**Image-text web data**

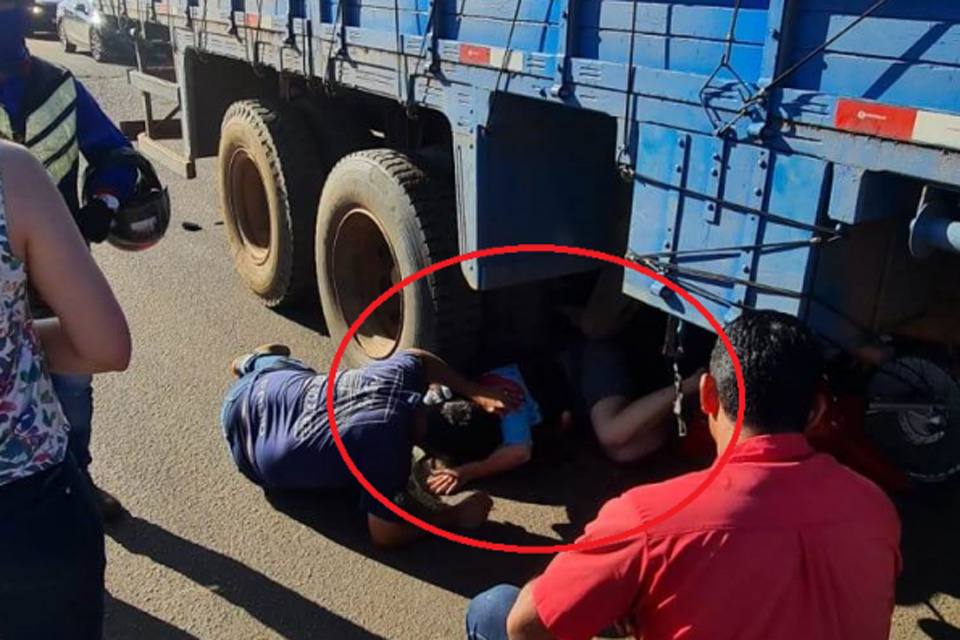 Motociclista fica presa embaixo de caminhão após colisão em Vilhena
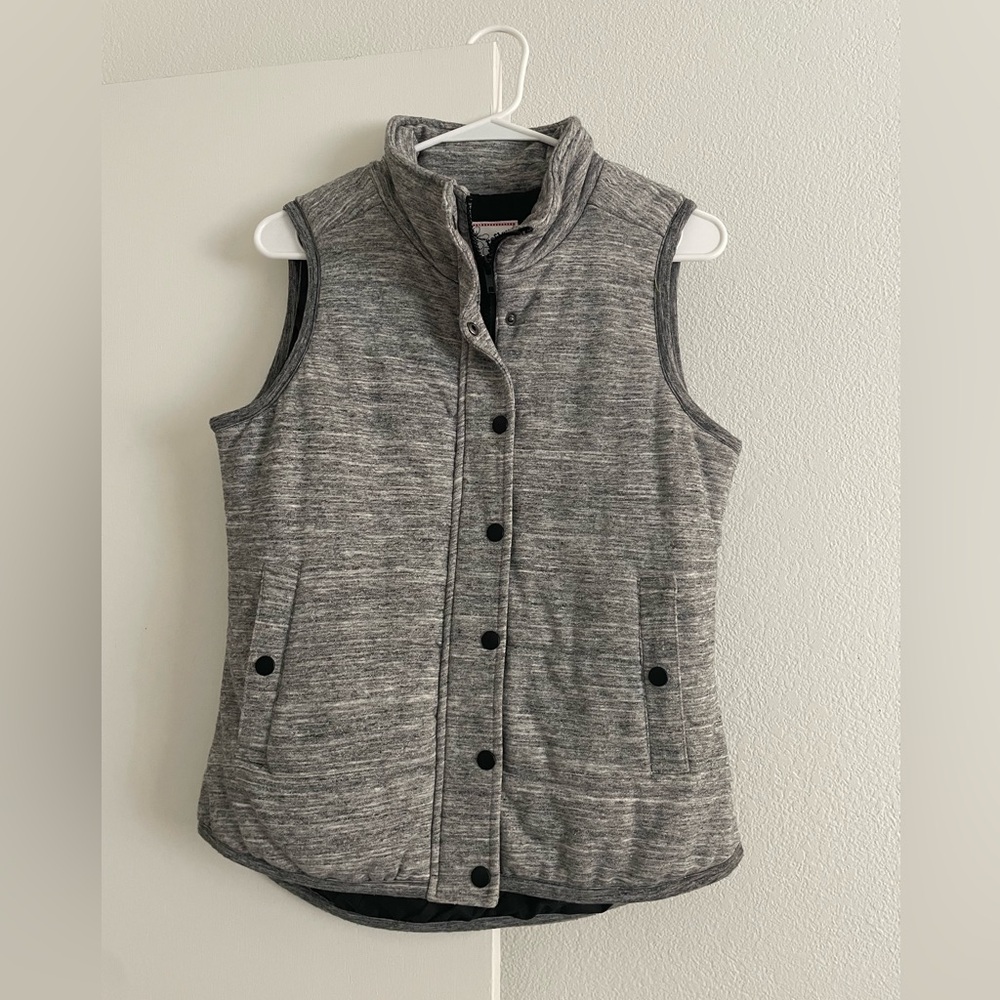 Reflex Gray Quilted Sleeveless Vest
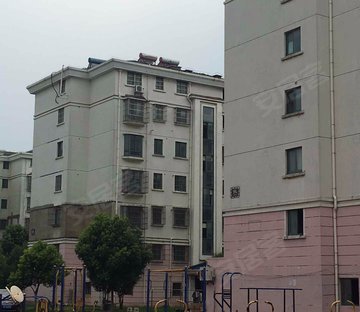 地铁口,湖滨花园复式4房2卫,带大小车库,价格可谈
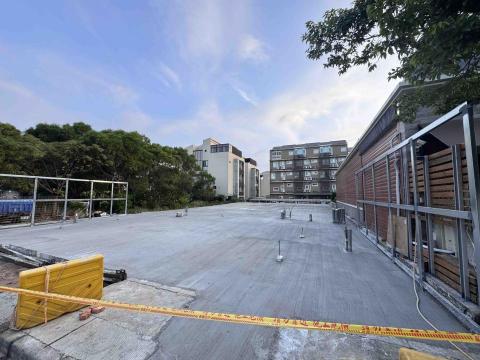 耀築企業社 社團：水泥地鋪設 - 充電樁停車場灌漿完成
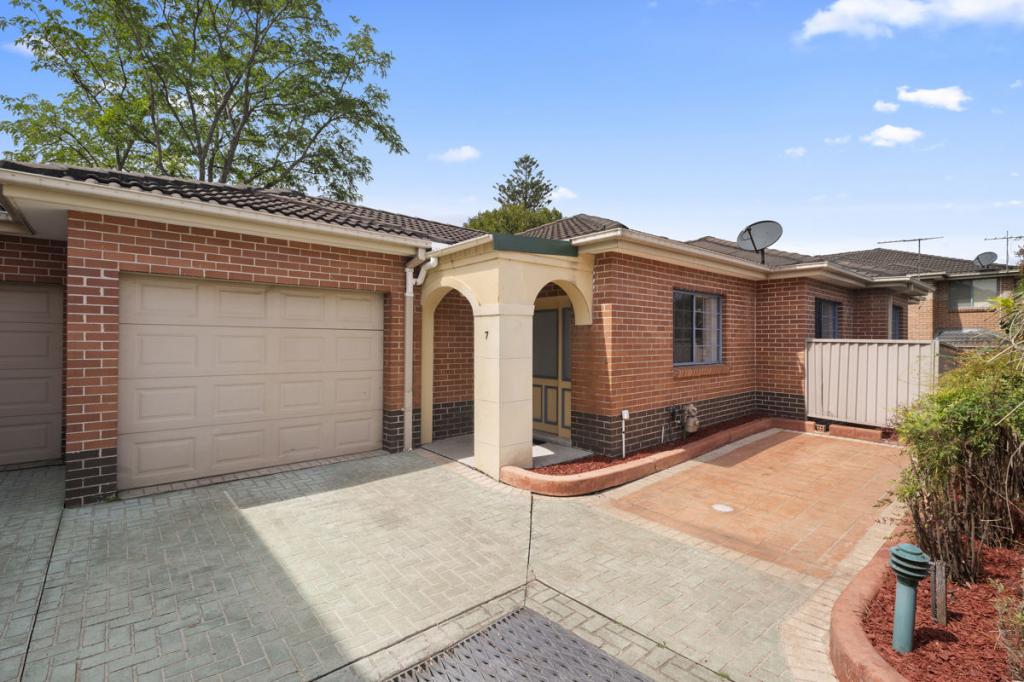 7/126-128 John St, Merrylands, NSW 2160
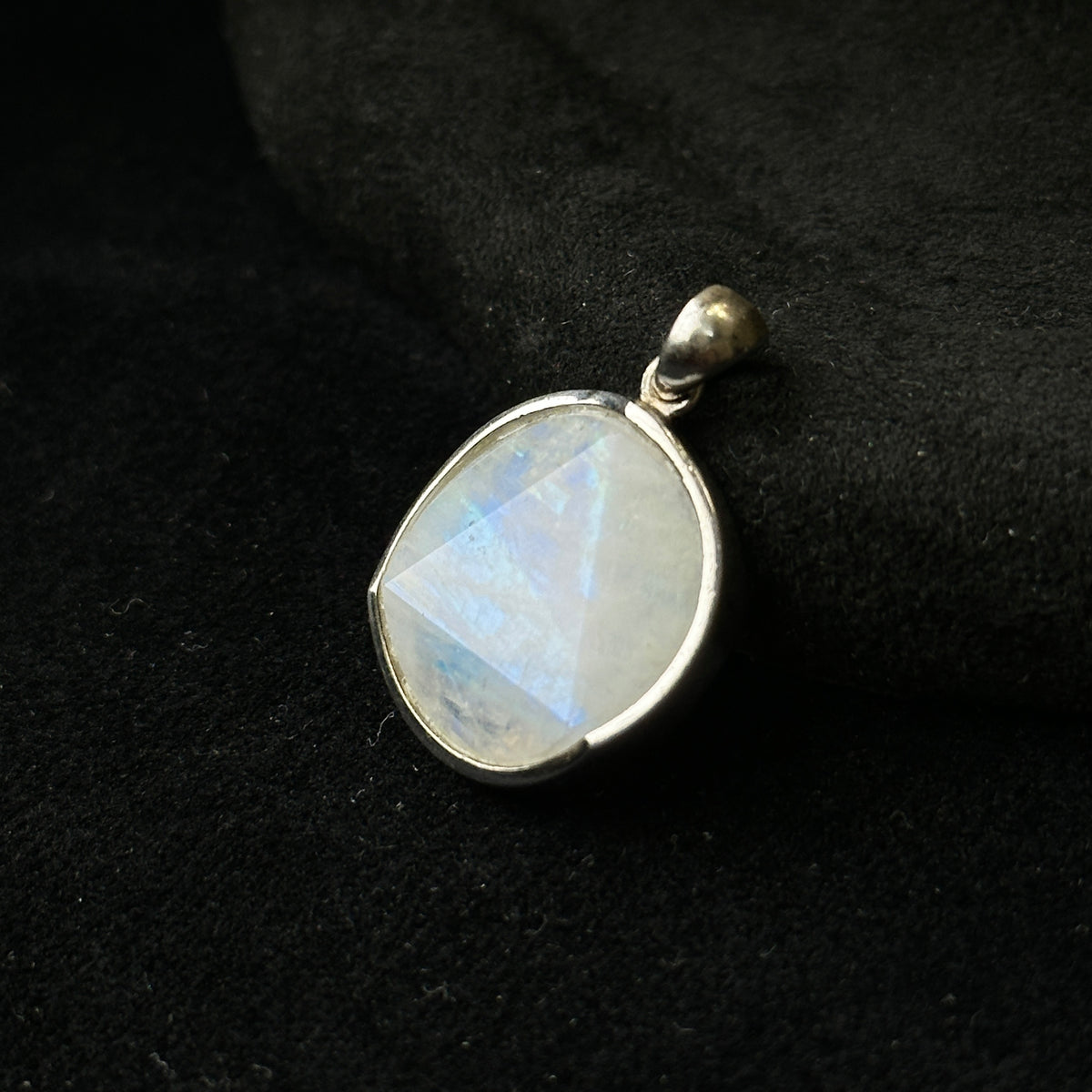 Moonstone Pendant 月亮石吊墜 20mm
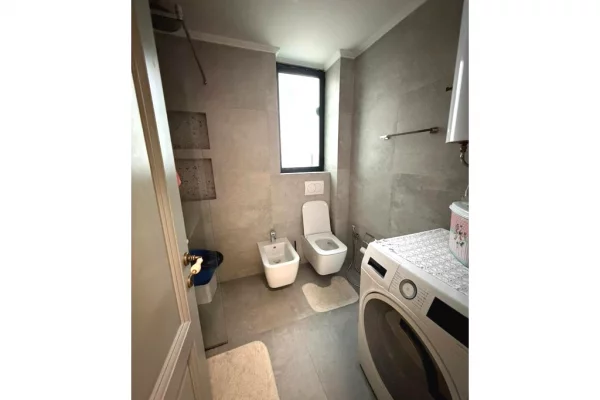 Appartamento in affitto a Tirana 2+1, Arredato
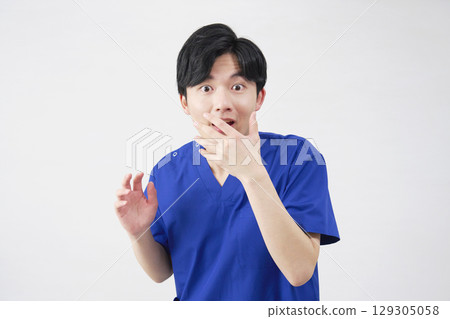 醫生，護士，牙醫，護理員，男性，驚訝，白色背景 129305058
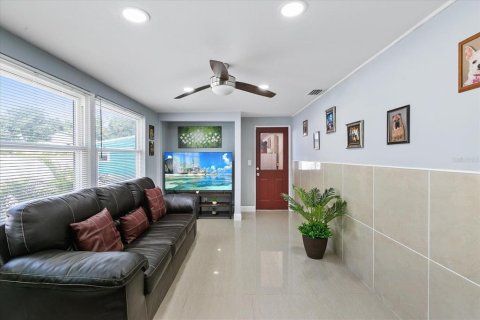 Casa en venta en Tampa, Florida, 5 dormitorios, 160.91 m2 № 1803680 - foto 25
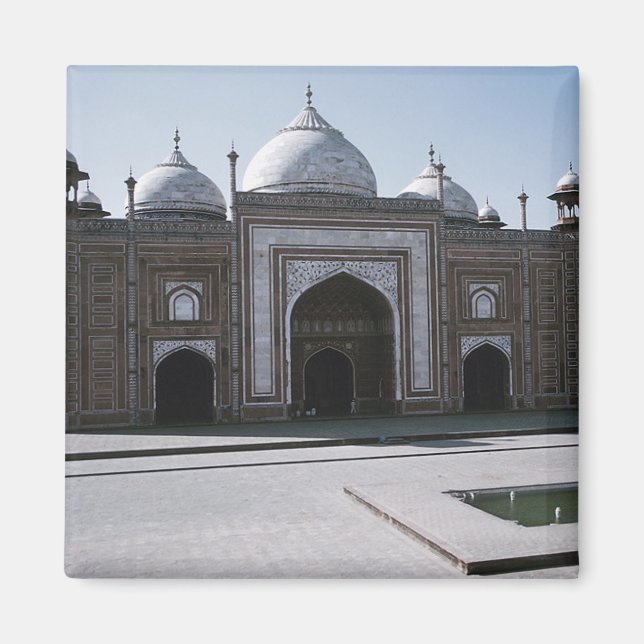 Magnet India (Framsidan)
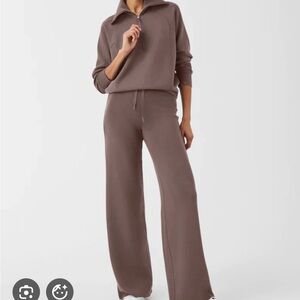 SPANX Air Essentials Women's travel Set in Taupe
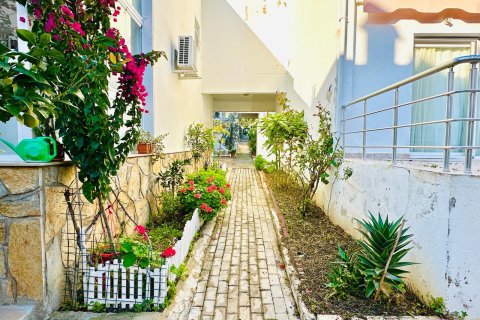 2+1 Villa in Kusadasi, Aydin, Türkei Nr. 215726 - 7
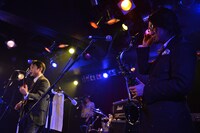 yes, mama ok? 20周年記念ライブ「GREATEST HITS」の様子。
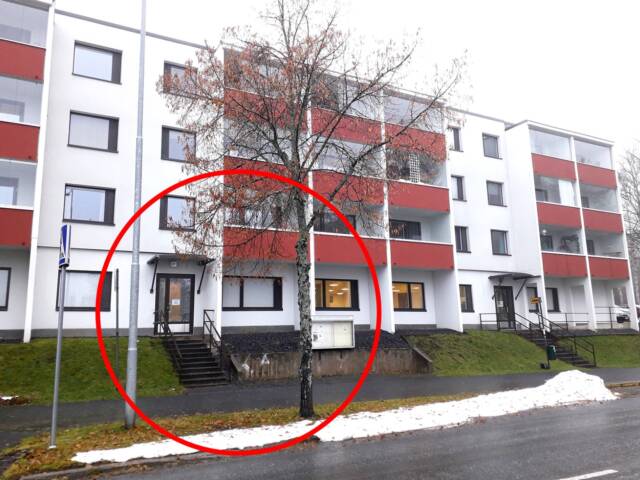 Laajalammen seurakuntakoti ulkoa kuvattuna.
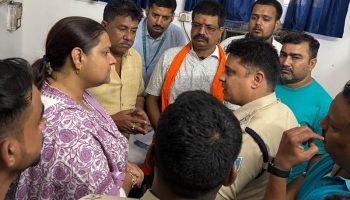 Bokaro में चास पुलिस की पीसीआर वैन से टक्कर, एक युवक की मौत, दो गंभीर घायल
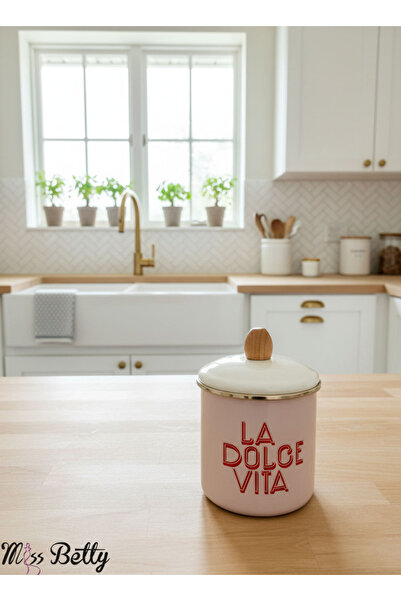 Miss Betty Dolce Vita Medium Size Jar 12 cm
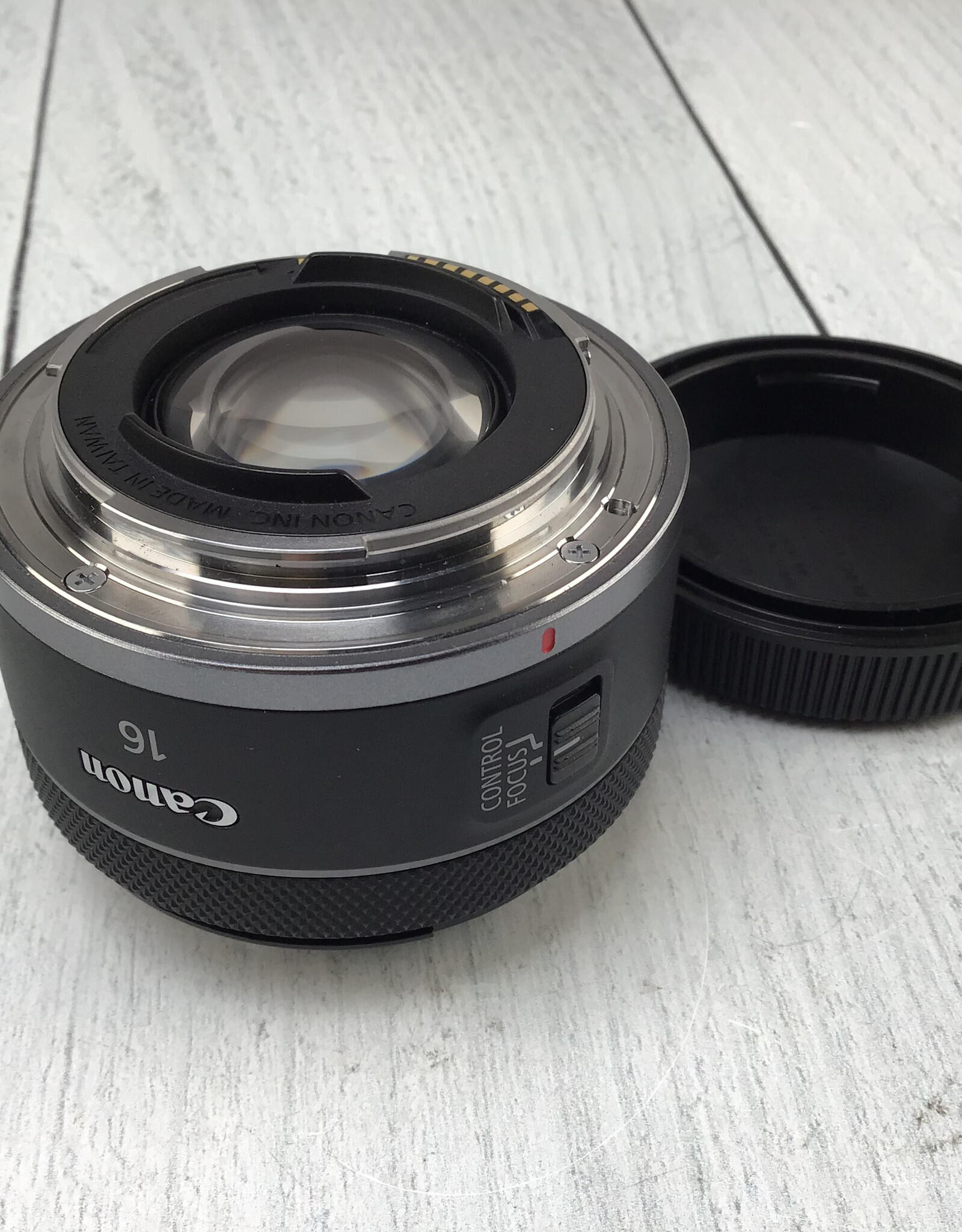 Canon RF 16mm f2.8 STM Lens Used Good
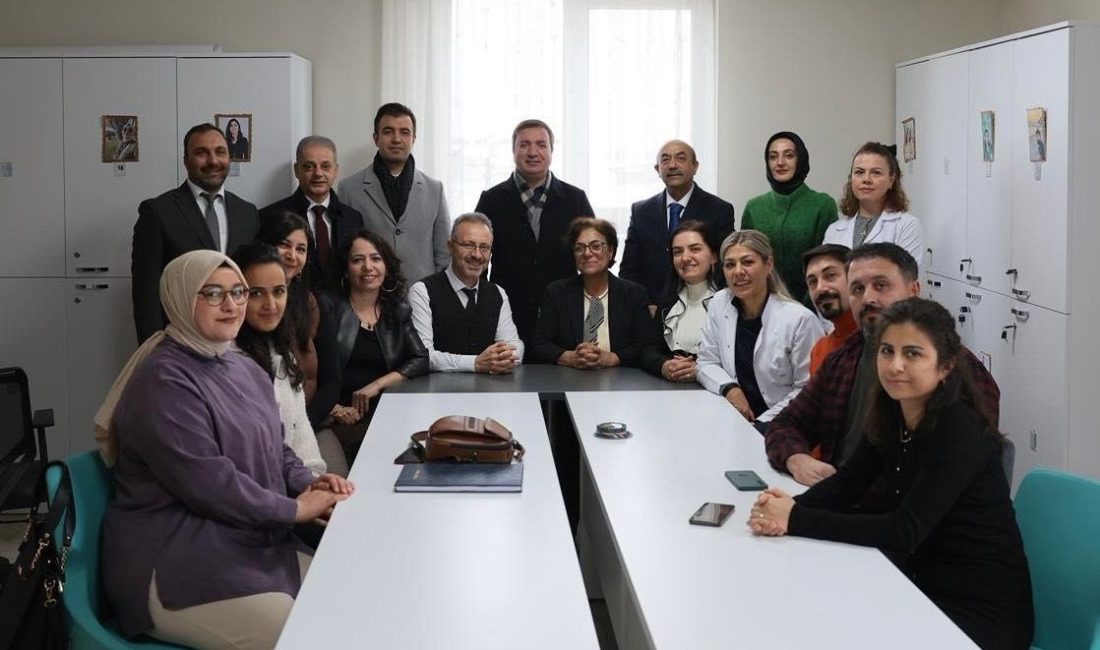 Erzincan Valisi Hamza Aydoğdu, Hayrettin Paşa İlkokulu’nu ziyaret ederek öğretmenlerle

**TASK DETAILS**
Take the records above from the line with "7/126-128 John St, Merrylands, NSW 2160" down to their last line and please copy those lines exactly, without the pictures.

**EXPECTED ANSWER**
 7/126-128 John St, Merrylands, NSW 2160
 Moonstone Pendant 月亮石吊墜 20mm
 Appartamento in affitto a Tirana 2+1, Arredato
 醫生，護士，牙醫，護理員，男性，驚訝，白色背景 129305058
 Casa en venta en Tampa, Florida, 5 dormitorios, 160.91 m2 № 1803680 - foto 25
 Magnet India (Framsidan)
 SPANX Air Essentials Women's travel Set in Taupe
 2+1 Villa in Kusadasi, Aydin, Türkei Nr. 215726 - 7
 yes, mama ok? 20周年記念ライブ「GREATEST HITS」の様子。
 Laajalammen seurakuntakoti ulkoa kuvattuna.
 Bokaro में चास पुलिस की पीसीआर वैन से टक्कर, एक युवक की मौत, दो गंभीर घायल
 Miss Betty Dolce Vita Medium Size Jar 12 cm
 Canon RF 16mm f2.8 STM Lens Used Good
 Erzincan Valisi Hamza Aydoğdu, Hayrettin Paşa İlkokulu’nu ziyaret ederek öğretmenlerle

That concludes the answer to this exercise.